(Given records Opens)
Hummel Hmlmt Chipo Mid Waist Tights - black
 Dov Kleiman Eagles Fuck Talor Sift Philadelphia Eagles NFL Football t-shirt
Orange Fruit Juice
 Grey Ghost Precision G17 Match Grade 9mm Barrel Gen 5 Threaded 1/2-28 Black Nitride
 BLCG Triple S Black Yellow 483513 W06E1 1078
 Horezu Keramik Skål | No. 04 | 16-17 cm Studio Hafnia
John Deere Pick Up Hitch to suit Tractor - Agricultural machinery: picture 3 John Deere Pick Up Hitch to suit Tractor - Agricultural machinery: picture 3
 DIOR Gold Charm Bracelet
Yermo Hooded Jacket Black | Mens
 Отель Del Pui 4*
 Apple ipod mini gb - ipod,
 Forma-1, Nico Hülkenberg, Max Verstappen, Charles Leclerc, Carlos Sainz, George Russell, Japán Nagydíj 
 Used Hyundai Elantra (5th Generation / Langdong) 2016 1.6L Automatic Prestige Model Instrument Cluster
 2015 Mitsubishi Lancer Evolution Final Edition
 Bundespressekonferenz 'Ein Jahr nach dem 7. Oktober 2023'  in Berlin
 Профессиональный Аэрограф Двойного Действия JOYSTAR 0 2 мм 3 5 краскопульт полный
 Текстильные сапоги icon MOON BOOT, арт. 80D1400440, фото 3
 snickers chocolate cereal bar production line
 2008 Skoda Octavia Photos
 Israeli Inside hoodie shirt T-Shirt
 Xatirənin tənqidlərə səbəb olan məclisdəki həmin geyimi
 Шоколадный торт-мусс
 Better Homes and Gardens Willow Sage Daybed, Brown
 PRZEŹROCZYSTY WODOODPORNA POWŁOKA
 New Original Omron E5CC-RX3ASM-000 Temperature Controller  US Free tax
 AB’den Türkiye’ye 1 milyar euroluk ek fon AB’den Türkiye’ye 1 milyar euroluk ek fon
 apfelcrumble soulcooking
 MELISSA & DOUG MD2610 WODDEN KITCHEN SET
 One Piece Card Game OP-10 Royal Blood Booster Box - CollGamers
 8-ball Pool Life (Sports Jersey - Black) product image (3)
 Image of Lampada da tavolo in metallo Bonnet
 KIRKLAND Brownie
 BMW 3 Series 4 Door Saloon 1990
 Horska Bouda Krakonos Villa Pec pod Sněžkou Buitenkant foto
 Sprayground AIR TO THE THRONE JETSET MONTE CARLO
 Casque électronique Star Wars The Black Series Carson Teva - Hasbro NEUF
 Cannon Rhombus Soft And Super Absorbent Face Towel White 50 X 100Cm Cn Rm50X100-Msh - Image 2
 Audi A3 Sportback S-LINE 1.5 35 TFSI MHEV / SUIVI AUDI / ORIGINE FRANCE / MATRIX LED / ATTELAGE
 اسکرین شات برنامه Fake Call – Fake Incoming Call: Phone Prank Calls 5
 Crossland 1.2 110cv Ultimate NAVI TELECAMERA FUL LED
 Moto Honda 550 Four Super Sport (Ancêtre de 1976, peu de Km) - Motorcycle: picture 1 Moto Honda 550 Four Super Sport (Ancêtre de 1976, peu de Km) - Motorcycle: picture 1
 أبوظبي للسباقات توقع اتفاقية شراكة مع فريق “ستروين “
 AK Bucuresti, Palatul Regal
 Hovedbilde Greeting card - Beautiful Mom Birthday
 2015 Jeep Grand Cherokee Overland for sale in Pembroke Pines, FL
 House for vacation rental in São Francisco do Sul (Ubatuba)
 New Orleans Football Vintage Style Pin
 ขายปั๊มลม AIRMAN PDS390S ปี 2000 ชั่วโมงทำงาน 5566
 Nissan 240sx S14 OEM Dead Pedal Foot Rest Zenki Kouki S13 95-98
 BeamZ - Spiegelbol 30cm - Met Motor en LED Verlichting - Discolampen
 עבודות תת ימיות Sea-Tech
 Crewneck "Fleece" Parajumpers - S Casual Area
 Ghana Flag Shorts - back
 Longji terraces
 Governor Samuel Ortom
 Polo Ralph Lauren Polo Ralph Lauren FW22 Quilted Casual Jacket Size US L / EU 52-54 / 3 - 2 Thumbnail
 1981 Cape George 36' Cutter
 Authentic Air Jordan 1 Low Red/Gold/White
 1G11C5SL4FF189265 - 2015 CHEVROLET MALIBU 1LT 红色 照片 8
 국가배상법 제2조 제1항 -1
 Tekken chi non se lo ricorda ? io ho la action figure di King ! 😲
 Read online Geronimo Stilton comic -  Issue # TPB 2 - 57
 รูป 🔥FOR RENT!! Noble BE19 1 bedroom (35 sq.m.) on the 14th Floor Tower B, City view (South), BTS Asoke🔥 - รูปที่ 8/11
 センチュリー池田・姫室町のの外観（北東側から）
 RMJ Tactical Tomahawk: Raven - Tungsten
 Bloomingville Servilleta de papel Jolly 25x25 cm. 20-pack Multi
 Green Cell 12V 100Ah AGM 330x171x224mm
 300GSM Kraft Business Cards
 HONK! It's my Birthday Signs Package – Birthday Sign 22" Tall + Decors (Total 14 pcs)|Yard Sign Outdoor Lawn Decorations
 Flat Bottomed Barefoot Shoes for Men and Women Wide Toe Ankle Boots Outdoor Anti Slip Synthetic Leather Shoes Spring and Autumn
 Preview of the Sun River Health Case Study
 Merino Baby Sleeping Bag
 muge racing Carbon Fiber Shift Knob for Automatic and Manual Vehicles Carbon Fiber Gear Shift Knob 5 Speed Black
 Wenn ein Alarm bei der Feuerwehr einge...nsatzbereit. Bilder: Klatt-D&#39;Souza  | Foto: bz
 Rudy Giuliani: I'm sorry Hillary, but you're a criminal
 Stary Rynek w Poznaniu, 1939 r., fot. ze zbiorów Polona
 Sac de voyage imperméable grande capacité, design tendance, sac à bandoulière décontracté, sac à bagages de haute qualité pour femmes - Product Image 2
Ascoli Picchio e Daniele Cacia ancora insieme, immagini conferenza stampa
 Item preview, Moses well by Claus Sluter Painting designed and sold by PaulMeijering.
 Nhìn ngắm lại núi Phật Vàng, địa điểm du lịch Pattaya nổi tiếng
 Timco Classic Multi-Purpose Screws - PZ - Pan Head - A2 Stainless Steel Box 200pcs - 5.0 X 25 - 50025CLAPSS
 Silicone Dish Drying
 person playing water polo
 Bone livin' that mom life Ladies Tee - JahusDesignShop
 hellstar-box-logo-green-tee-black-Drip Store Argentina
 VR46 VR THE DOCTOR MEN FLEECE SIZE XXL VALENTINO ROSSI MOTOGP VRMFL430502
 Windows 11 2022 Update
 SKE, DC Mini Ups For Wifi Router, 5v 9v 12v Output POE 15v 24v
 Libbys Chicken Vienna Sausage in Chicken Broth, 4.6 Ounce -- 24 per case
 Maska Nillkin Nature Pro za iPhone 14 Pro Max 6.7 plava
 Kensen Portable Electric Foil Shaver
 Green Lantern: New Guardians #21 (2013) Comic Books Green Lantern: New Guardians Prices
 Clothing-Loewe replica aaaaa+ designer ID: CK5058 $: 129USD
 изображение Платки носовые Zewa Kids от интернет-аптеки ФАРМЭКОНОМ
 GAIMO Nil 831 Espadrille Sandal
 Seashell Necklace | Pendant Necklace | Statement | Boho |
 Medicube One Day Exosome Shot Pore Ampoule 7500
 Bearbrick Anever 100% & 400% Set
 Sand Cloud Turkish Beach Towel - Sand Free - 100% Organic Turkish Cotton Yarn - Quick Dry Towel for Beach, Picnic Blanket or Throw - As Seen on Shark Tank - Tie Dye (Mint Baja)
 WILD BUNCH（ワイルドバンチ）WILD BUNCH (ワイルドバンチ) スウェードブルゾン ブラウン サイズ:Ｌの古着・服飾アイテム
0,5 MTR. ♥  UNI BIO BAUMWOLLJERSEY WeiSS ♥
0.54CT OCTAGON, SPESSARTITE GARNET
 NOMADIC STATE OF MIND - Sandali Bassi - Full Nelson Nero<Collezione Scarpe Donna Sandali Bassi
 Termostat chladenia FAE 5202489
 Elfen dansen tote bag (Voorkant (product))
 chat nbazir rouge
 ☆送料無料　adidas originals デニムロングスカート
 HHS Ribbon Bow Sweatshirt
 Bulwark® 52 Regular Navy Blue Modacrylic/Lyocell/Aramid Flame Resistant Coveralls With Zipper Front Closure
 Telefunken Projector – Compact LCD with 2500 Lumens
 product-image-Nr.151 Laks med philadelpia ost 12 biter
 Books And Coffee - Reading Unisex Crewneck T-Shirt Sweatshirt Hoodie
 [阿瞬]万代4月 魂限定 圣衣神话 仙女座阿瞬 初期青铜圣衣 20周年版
(Given records Closes)
* **Your objective**
Without changing anything, quote the lines from the top of the data to the line that contains "Horezu Keramik Skål", including that line.

* **Solved exercise**
Hummel Hmlmt Chipo Mid Waist Tights - black
 Dov Kleiman Eagles Fuck Talor Sift Philadelphia Eagles NFL Football t-shirt
Orange Fruit Juice
 Grey Ghost Precision G17 Match Grade 9mm Barrel Gen 5 Threaded 1/2-28 Black Nitride
 BLCG Triple S Black Yellow 483513 W06E1 1078
 Horezu Keramik Skål | No. 04 | 16-17 cm Studio Hafnia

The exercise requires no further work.